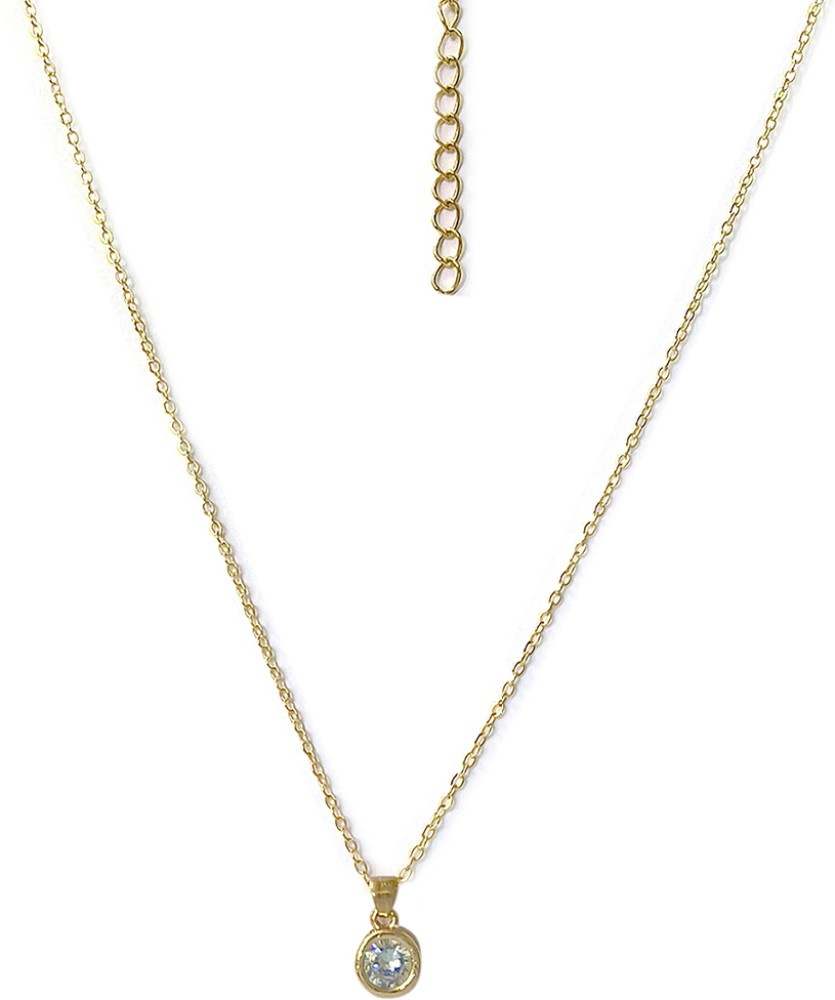 Diamante drop sale necklace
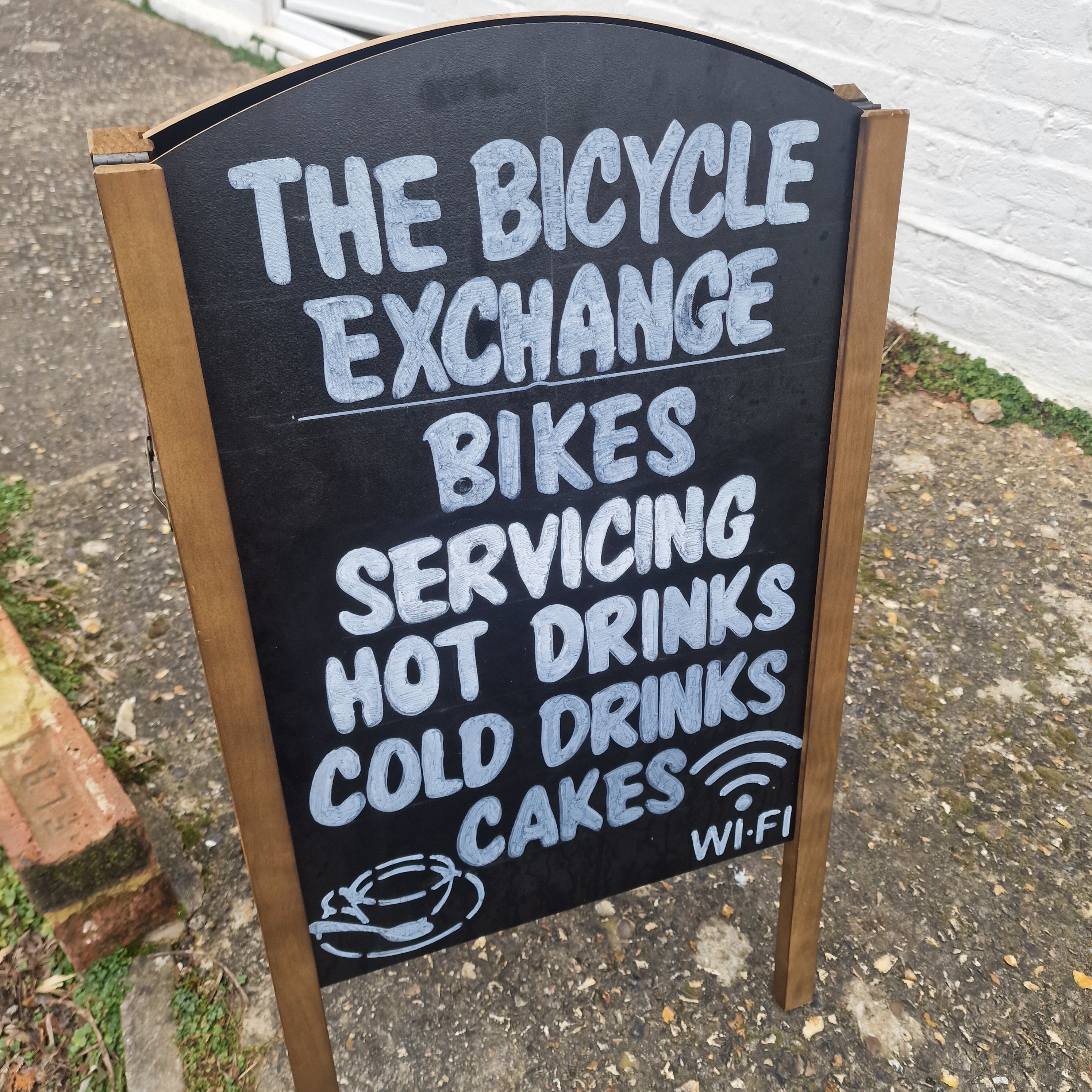 The bicycle exchange sale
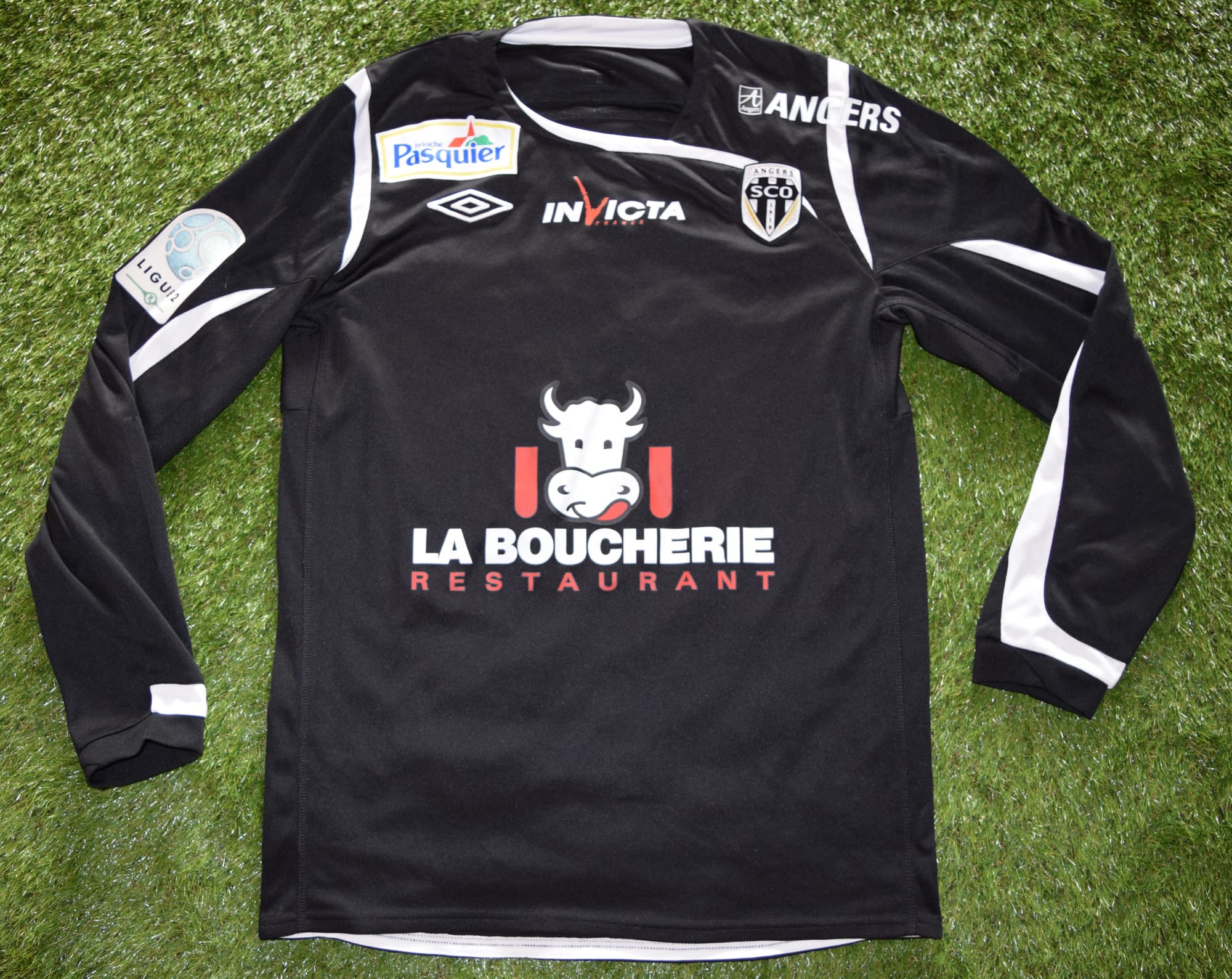 *** Maillot Extérieur Manches Longues 2012-2013 de Rayan Frikeche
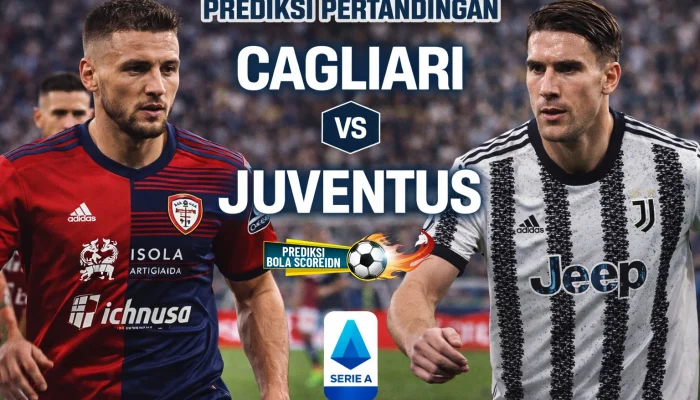 Cagliari dan Juventus dalam Pusat Perhatian Transfer di Italia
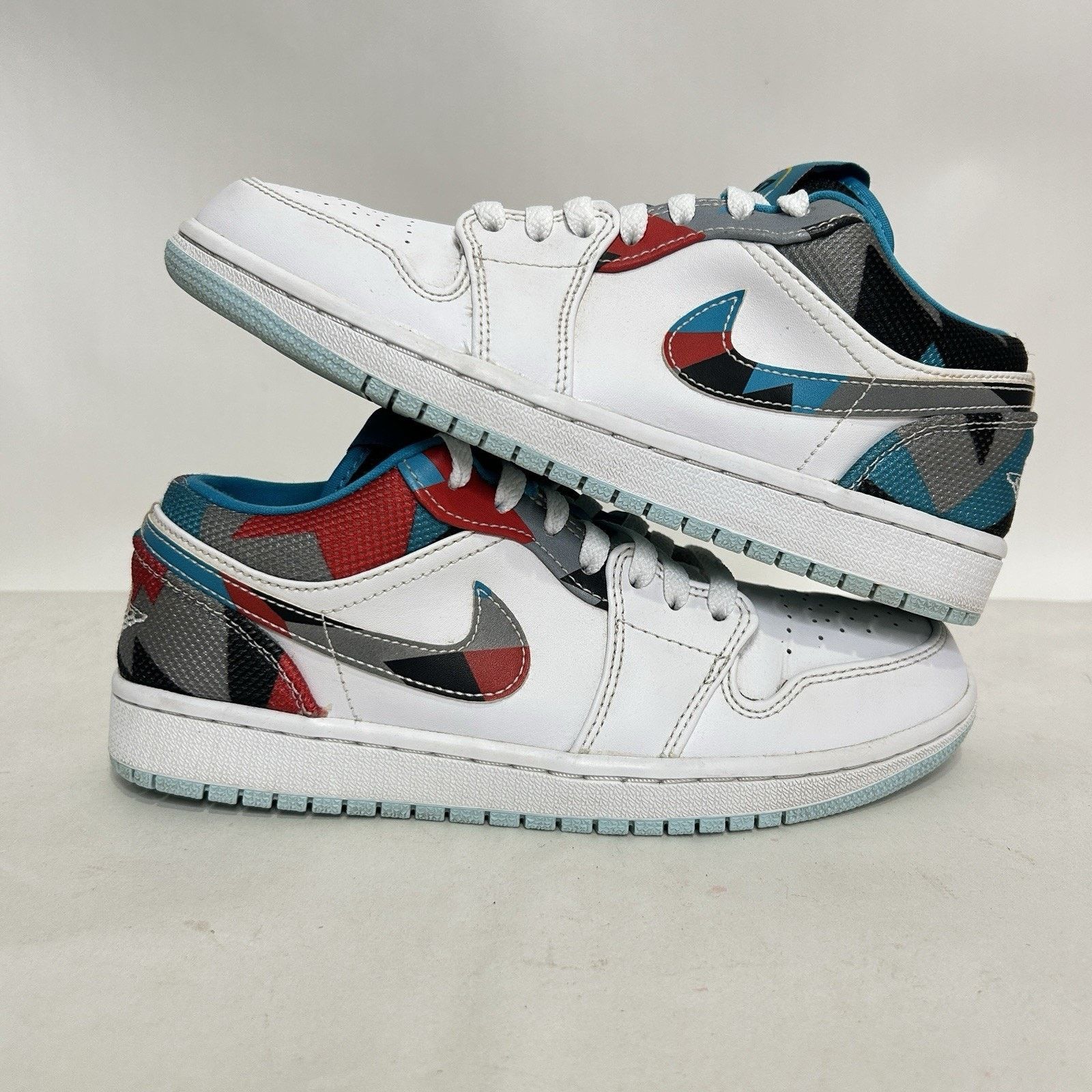 Nike Air Jordan Retro Low “N7/White Blue”
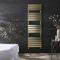 Handdoekradiator Vlak Paneel 160cm x 50cm - Satijn Goud | Lustro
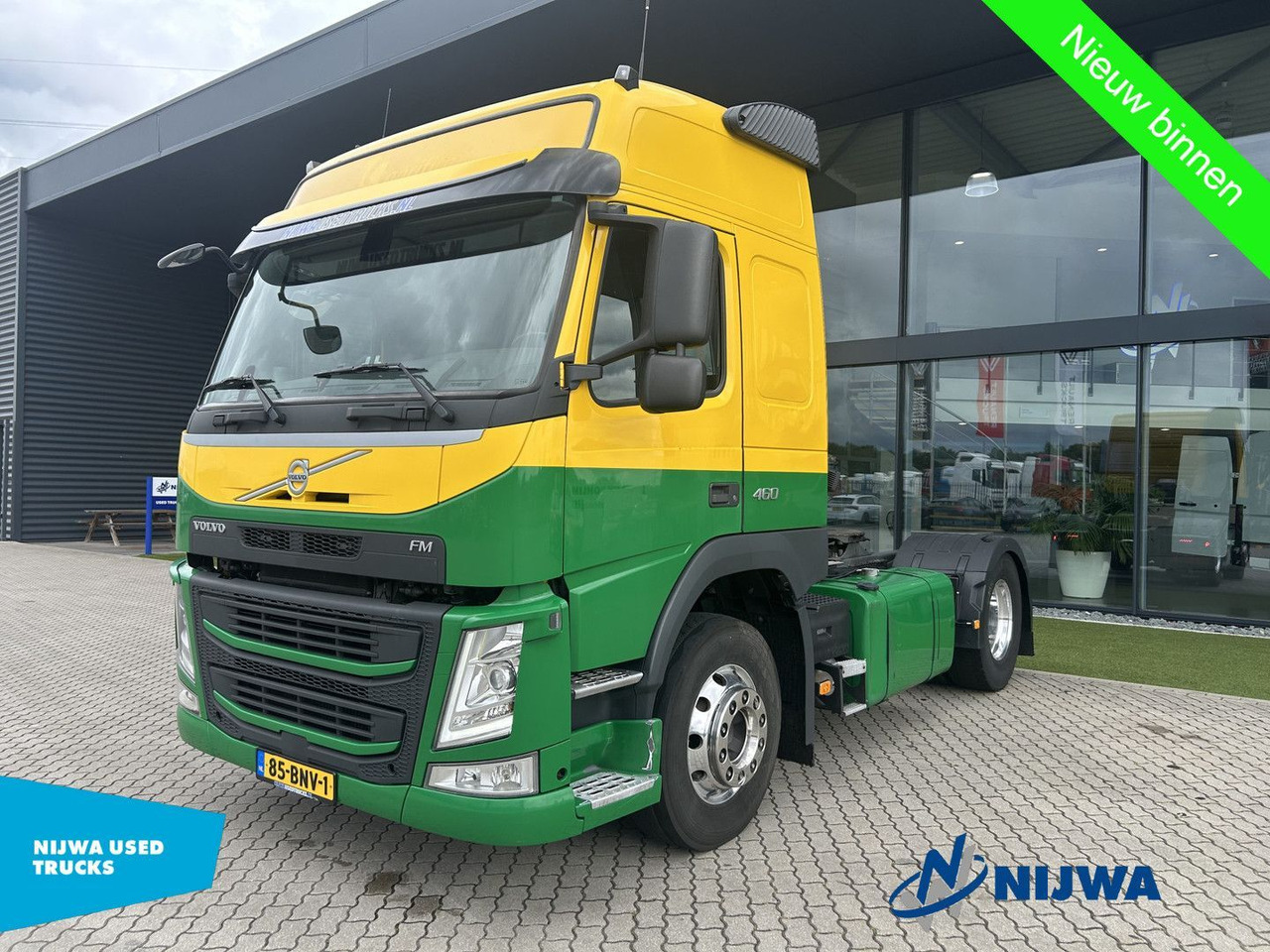 Volvo FM 460 4x2 Work Remote + PTO - Gjysmë-kamion: foto 1 Volvo FM 460 4x2 Work Remote + PTO - Gjysmë-kamion: foto 1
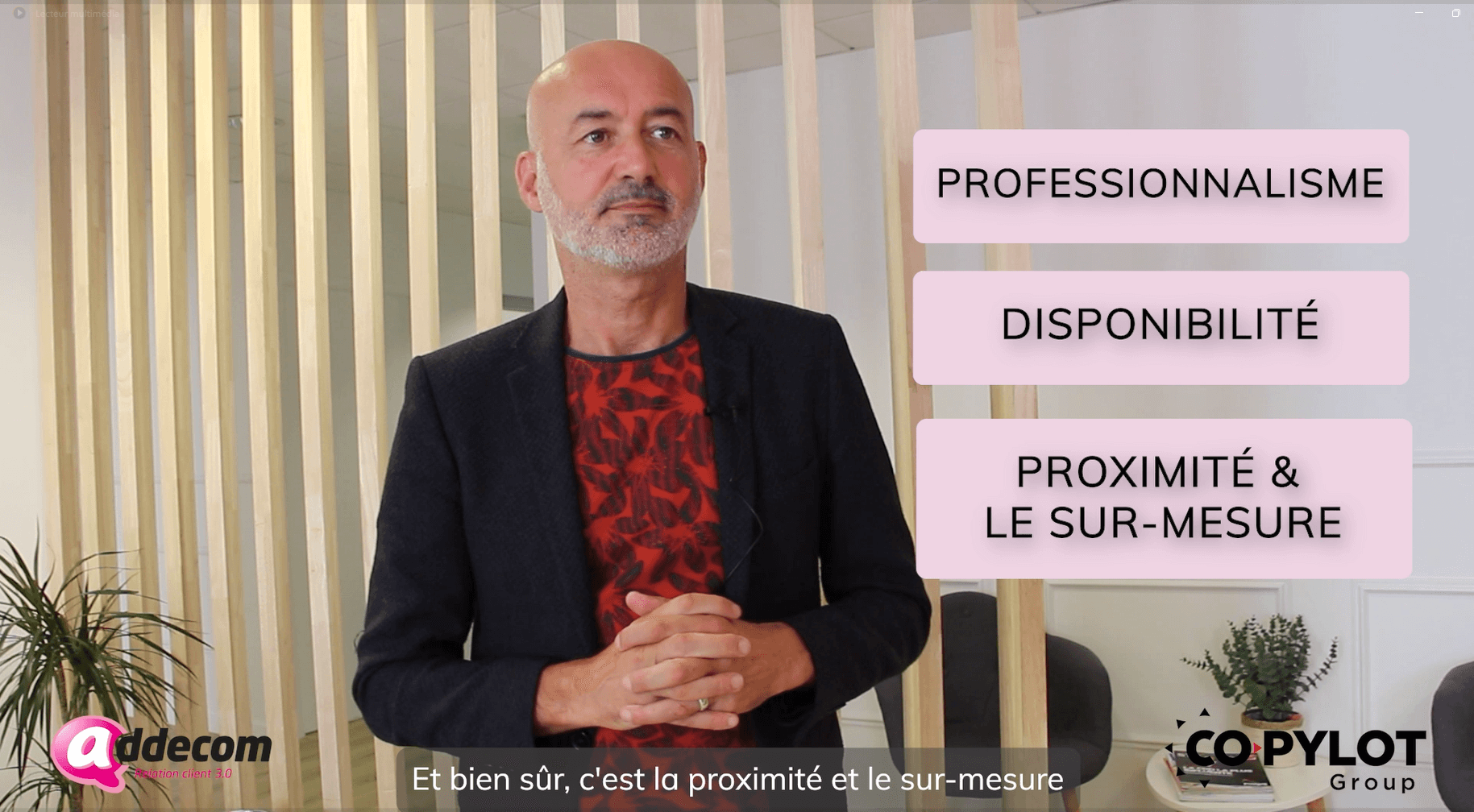 Interview Pierre Rochouane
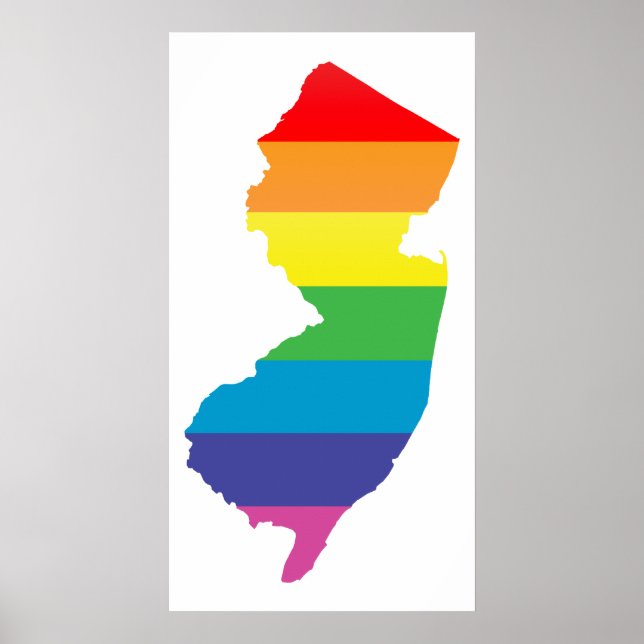 new jersey pride. poster (Front)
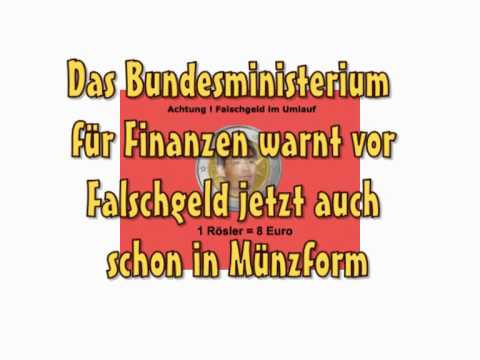 Achtung Falschgeld.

━━━

Print from the line containing "de Rayan Frikeche" through the line containing "Handdoekradiator Vlak Paneel" in the data above, exactly as the lines stand, and omit every picture.

 *** Maillot Extérieur Manches Longues 2012-2013 de Rayan Frikeche
 Cagliari dan Juventus dalam Pusat Perhatian Transfer di Italia
 Nike Air Jordan Retro Low “N7/White Blue”
 Handdoekradiator Vlak Paneel 160cm x 50cm - Satijn Goud | Lustro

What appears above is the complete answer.